I think I understand Sarah Palin's purpose.

Sarah Palin wants to save our country. And she's doing it for us.

Dispute me on that opinion and I will ask you "why doesn't she just take the $12 million she just earned and go live happily ever after on an island somewhere?" I'm ashamed to say that I've had thoughts enter my mind that if it was me that's probably what I would do. Give the world the ole Italian salute and be gone I'd say.

That's why Sarah Palin is a better person than me. But my world and its potential to afford me the opportunities to earn the kind of money she earns now will only be safeguarded because of her and those who agree with the economic philosophy that she so strongly campaigns for.

Ronald Reagan would be so proud of her.

When Reagan passed away in 2004, he left an empty seat at the table - a seat which I thought would remain empty for decades to come. Sarah Palin has earned the right to sit in that seat.

Sarah Palin beat the Kobayashi Maru. She defeated the unwinnable scenario. Palin said that if the left destroys her and she politically dies so be it. But I know that if that ever happened, Sarah would not sit down and shut up until her final political breath. Cast into the cold darkness of the Alaskan night, a bankrupt woman with maybe enough words to pen a book to keep food on her table and a roof over her head, she could have still looked herself in the mirror and said "I did all I could do." As Art Williams once said "all you can do is all you can do, and all you can do is enough."

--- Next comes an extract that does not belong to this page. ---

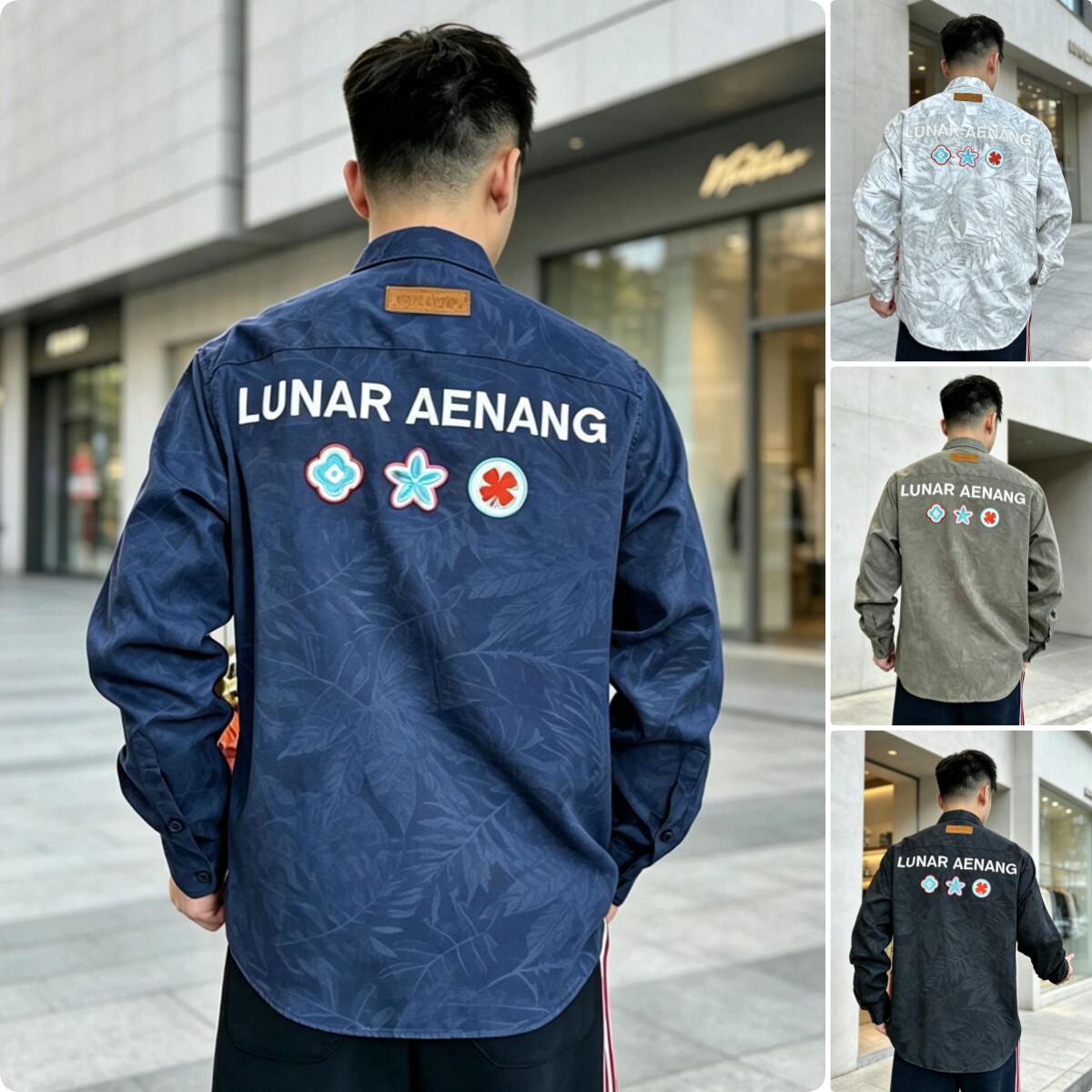 潮牌太阳花刺绣长袖衬衣男士衬衫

Sarah did not play it safe. She threw it all on the line when she resigned. Then she put it in God's hands and went to work. In the absence of money sweat equity is your capital. Palin made the sacrafices necessary that would make anyone worthy of the abundance which they receive. She could have lost it all. But instead, she has become a powerful political figure and a mammoth in the resistance movement. She had to save her family. She had to save her state. She had to save her political party. And now she has to save her country. That's a lot of work.

As for the money she is making now: that's not because she resigned and wrote a book. She earned every dime of that money years ago breaking her fingers and working her ass off on Todd's fishing boat, pounding the pavement in Wasilla to get enough votes to be elected city counselwoman, driving the car thousands of miles over ice and snow covered roads to campaign for governor and taking a pounding in the press when she ran for vice president. The universe is finally rewarding Sarah Palin and it's about time.

When you see her on stage she's a happy warrior who looks like she hasn't a care in the world. She tells us our better days are yet to come with a smile on her face and not the slightest doubt in her voice. She is folksy, asking us how that hopey changey thing is. She is caricatured by the media as an empty headed bimbo. You could never tell from looking at her what kind of a burden this woman has had on her shoulders all these years. And many still can't see what a behemoth she is going to become in the future. To quote Michele Bachmann "the world is her oyster."

Let's give her the world. It's the least we can do for her after all she's doing for us.